Concernant la politique monétaire, « elle est inefficace ». Les auteurs, au moment de l’écriture de leur ouvrage considérait que la baisse de l’inflation résultait d’une baisse du prix de l’énergie et de celui des matières premières mais que l’inflation restait de l’ordre de 3,5%, niveau que l’on retrouverait en 2025. En cet été, force est de constater que cette prévision n’est pas avérée. Mais à voir….
Quoiqu’il en soit, les auteurs remettent en cause le « dogme » des 2% ; considérant que la cible devrait se rapproche du « taux naturel » et varier selon les cycles économiques (Friedman contre Hayek !). Assurément, pour sortir du marasme actuel et à venir, il convient de recréer une courbe d’intérêts réels négatifs, permettant, entre autres choses, de maintenir voire d’augmenter les déficits sans que la dette ne croisse ; de « réécrire quelques articles du Traité de Maastricht ; de mener une « politique monétaire expansionniste » et enfin de favoriser la mise en place de complètes « Union bancaire » et « Union de l’Epargne et de l’Investissement ».

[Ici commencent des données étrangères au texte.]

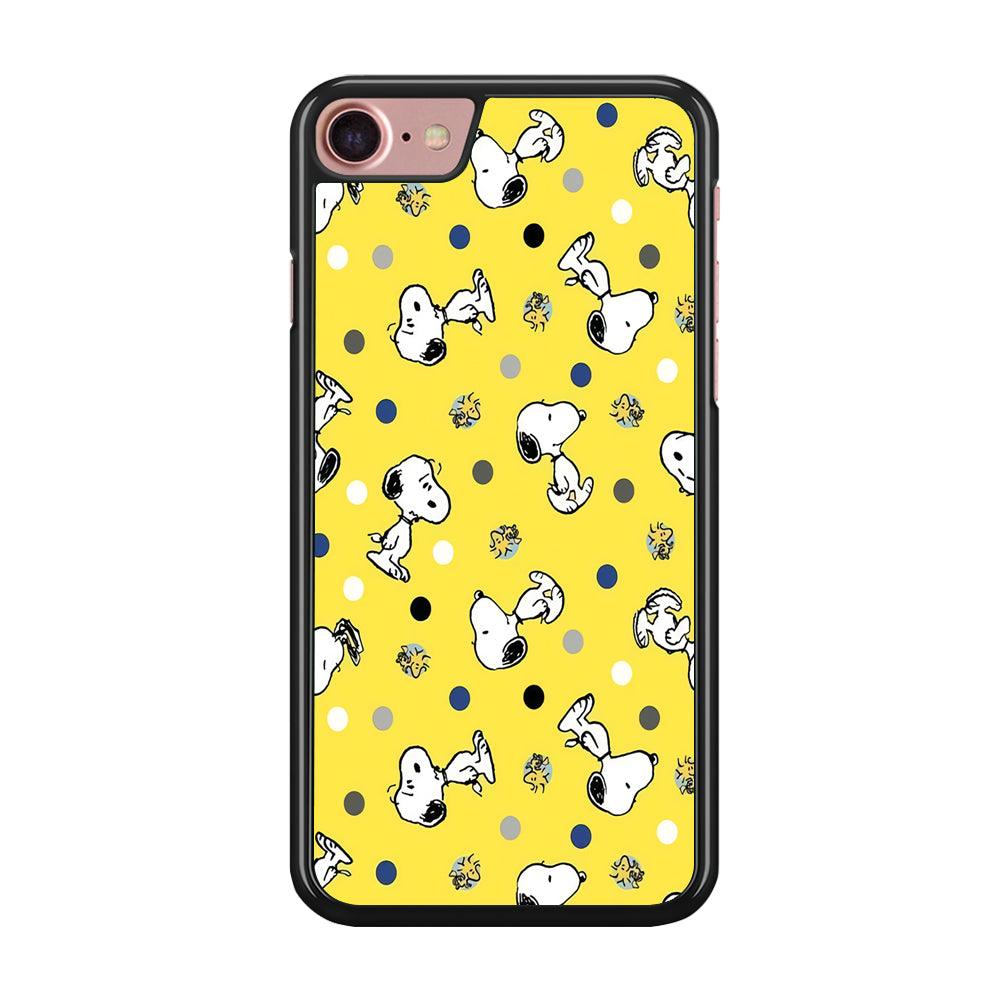 Snoopy and Woodstock Yellow Polka iPhone 8 Case-Rubber / Black (2D Case)-Xtracase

Il est intéressant que les propositions économiques sur la création de richesses, la mobilisation de l’épargne et le financement de l’investissement en France, se retrouvent dans le « plan Bayrou » de l’été 2025 (auquel il manque un élément sur les retraites pour les raisons politiques connues) et que les orientations monétaires sont portées par le gouvernement à Bruxelles et Francfort. Mais, on le voit, les priorités nécessaires en France ne sont pas nécessairement acceptables en Allemagne, aux Pays-Bas ou en Italie.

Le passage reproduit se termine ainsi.